As Evans describes, meetings in Congo Square lasted from the early Eighteenth Century until the 1850s, and then began again after emancipation. The Square was a place of communal strength and care, where hundreds of people of African descent met weekly to carry out their cultural traditions.
Congo Square by Adewale S. Adele. Image from Congo Square.
Over time, these Congo Square gatherings had an immeasurable impact on New Orleans’s culture through the music, songs, dances, and market practices. Evans traces the ways in which rhythmic patterns popular in Congo Square influenced the street
beat, bamboula beat, second line, and even the New Orleans beat and early jazz. The different African traditions practiced there also shaped distinctive New Orleans customs like the second line and the jazz funeral. The instruments used in Congo Square, including many different kids of drums, shaped early jazz music, and some evolved into instruments popular today.
The gatherings in Congo Square left unmistakable and deep-rooted effects on New Orleans. Evans’s books highlight the diverse backgrounds of the people in Congo Square, the practices they maintained, and the tenacity that, despite traumatic and repressive conditions, fostered traditions vibrant enough to spread through the city, the country, and the world.

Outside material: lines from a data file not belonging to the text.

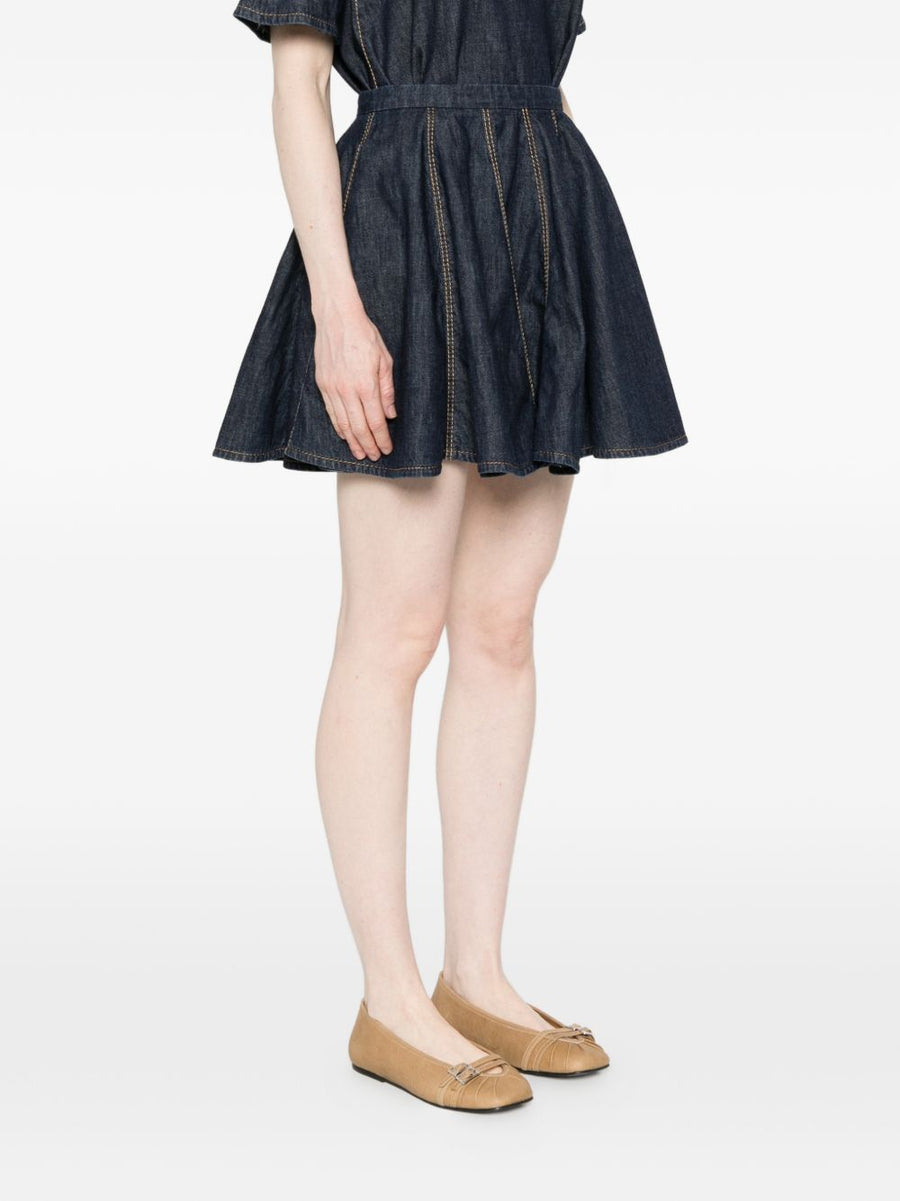 Susanne Bommer Cotton Mini Skirt INK with Blue Seam Detailing Panelled Silhouette Pleat for Women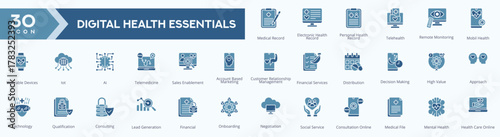 Digital Health Essentials icons collection vector images Duotone Set,
containing several telemedicine medical record, electronic health record, personal health record, iot and more.
for Web icons set.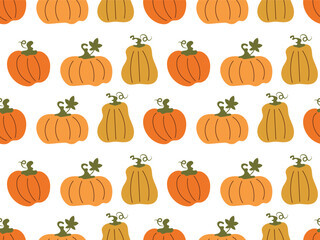 Seamless pumpkin pattern. Seamless pattern with hand drawn pumpkin in cartoon style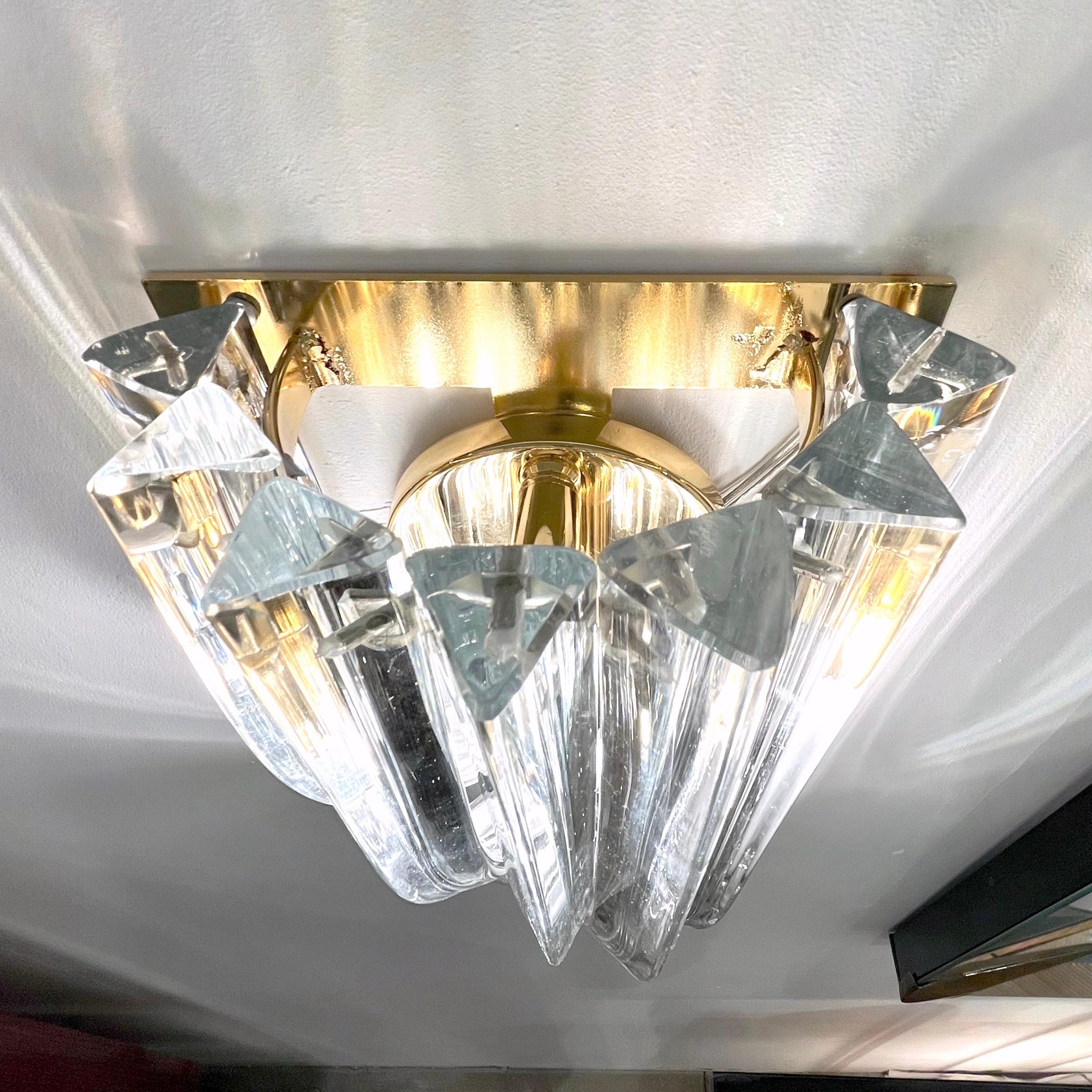Italian Modern Pair of Translucent Crystal Murano Glass Brass Curved Sconces For Sale 5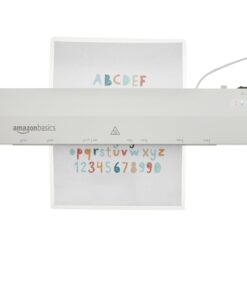 Amazon Basics 12-Inch Thermal Laminator Machine with Rapid Warm-Up (1 min), 20 Assorted Laminating Pouches Included, White 27 61QVHD41RDL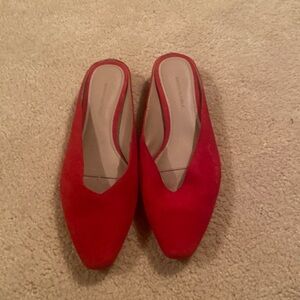 Banana Republic real suede tomato red slides/mules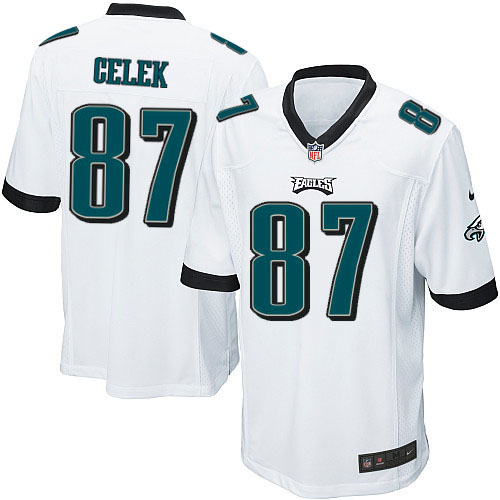 Youth Game Brent Celek Nike Jersey White Road - #87 NFL Philadelphia Eagles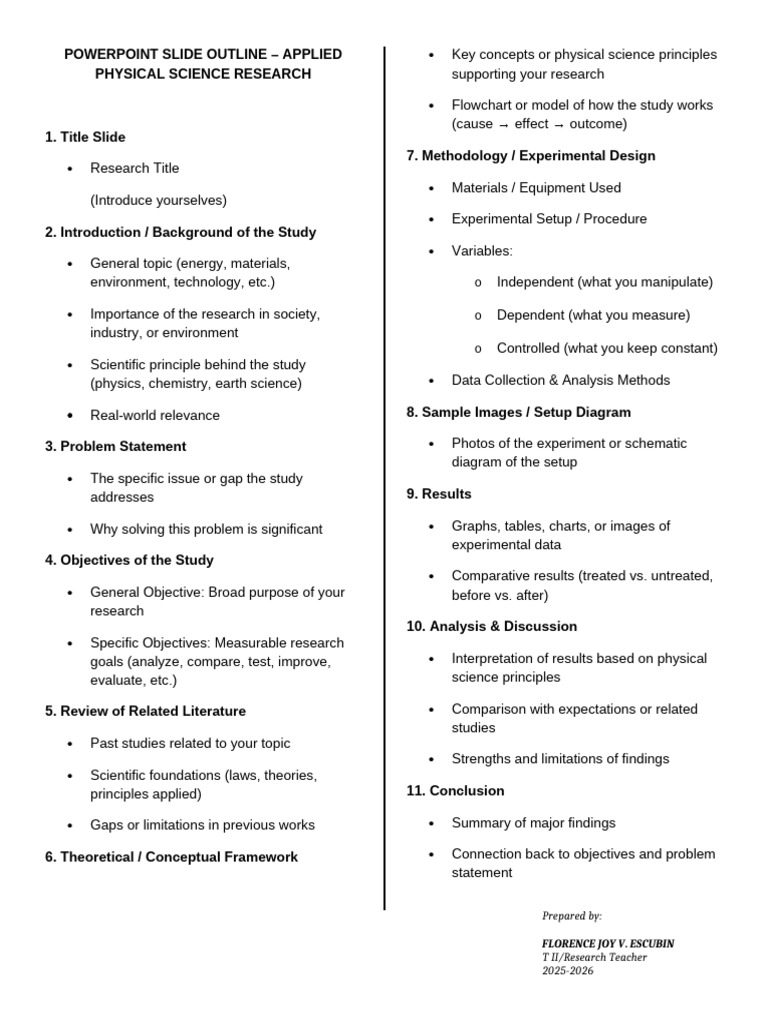 Applied Physical Science Research Outline | PDF | Science | Experiment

Freddi Evans will be at Melba’s Poboy’s Friday, February 25th from 12–1 p.m. where she will be giving away copies of Come Sunday. It’s an excellent opportunity for kids to learn a little about Congo Square this Black History Month.
Freddi Williams Evans is an alumna of Tougaloo College, Tougaloo, Mississippi, where, as a music major, she began studying traditional African music on a study-travel to the University of Ghana at Accra. Evans has presented on Congo Square at schools, museums, and festivals. Her research on Congo Square has taken her to numerous archives, local and national, and back to West Africa. Evans resides in New Orleans and works as an arts educator and administrator as well as an independent scholar.